I don’t know when it started, but I need to stop it. Now. I have gained about 5 lbs since May. I think. I have been too afraid to weigh in. Yes, I have a lot going on in my life. This should not be an excuse to overindulge. I will have some free time tomorrow afternoon, so I will create a weekly menu. I really do very well with my eating habits if I have a list I can follow. It must be a neurotic thing.

We still have no answers on what is going on with my baby. He is improving, but is still about 4 months behind on his gross motor skills. And he seems to stay about 4 months behind. We are working to get the insurance to cover genetic testing, but they are really dragging their feet on this test. In the meantime, we have been having just about every other test possible done, with no clear answers. I really think the genetic testing will tell us something. At least let us know if Sammi will require specialized care and therapy for the rest of his life.

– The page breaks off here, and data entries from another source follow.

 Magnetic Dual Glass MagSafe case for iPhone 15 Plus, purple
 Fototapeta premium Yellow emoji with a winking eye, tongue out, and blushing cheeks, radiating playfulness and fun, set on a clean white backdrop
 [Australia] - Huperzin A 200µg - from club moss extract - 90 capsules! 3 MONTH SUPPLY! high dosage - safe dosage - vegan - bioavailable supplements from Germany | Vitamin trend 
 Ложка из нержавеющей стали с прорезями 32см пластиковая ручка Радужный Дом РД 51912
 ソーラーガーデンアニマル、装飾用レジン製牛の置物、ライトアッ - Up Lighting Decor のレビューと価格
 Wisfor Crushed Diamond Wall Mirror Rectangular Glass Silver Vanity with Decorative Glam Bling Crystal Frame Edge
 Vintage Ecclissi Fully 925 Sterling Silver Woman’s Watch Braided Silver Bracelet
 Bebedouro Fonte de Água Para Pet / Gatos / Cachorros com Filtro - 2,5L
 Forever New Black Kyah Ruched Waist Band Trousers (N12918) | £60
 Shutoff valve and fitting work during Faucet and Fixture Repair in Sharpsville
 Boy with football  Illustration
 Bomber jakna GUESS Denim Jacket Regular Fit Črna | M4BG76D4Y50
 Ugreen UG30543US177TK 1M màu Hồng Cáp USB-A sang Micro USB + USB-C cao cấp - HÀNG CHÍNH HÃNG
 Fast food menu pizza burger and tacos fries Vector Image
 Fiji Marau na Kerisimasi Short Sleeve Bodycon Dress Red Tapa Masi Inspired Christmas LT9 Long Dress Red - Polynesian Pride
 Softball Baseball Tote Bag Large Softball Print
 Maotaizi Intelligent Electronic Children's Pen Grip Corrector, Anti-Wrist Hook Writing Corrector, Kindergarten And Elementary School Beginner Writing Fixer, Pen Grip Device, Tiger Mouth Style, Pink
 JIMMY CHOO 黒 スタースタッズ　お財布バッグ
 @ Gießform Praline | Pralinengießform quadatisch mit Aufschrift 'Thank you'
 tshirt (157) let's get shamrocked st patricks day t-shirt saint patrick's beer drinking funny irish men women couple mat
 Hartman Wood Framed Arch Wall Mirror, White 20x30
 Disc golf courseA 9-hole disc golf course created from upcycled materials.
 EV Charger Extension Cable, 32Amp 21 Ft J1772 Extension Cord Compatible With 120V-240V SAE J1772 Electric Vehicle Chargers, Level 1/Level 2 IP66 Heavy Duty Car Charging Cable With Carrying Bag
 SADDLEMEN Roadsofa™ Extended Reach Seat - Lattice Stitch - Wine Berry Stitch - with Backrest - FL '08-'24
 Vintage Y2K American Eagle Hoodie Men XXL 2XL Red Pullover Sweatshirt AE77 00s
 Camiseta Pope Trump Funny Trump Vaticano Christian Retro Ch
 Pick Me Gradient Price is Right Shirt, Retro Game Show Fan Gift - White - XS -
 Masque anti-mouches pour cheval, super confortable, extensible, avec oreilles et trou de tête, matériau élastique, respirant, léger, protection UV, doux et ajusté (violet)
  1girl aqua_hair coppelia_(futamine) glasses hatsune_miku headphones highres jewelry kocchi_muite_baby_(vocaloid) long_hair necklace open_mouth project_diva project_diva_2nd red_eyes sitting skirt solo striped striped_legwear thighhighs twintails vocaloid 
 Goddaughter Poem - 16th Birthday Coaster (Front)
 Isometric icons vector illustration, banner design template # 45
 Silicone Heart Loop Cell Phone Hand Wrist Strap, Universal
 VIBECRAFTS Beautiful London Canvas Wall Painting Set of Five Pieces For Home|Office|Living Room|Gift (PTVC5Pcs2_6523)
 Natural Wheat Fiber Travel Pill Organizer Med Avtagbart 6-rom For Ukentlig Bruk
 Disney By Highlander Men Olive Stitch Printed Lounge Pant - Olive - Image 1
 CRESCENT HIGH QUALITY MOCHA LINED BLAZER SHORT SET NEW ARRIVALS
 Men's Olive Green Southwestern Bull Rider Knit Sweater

He had an MRI done last week. I hated that. I was there when they put him under so he would not move during the MRI. I wanted to be there when he woke up, but he was mostly awake when they brought him in to us. He still had his eyes closed, so at least we were the first people he saw. I had a hard time watching them put him to sleep.

The MRI results came back as “mostly normal.” Hehe. They found a small cyst near his pituitary gland. This appears to be a relatively common thing and I have been told by a few doctors that it is nothing to worry about now, but to keep an eye on Sammi. If he starts to get headaches, then we may need to take another look at that cyst.

I have had 3 moles taken off of my back and am now waiting for the lab results. Cuz I really need more medical crap going on.

There. That is my irritable catching-up blog.

Ready to start the burn.

The holidays were good, if with a sad undertone. See my previous blog, A Letter To My Grandma, for more details on that. Now that the madness is out-of-the-way, I am ready to start-up my exercise routine once more:

  • Sunday: cardio
  • Monday: C25K
  • Tues: yoga
  • Wed: cardio
  • Thursday: C25K
  • Friday: yoga
  • Saturday: C25K

I currently have a temporary gym membership and hope to use it to get a good foothold on my routine. My only concern is being able to get someone to watch Samedi while I exercise. He is still so little and I do not feel comfortable leaving him at the gym daycare. I am pretty sure I can get a grandparent to help me with that.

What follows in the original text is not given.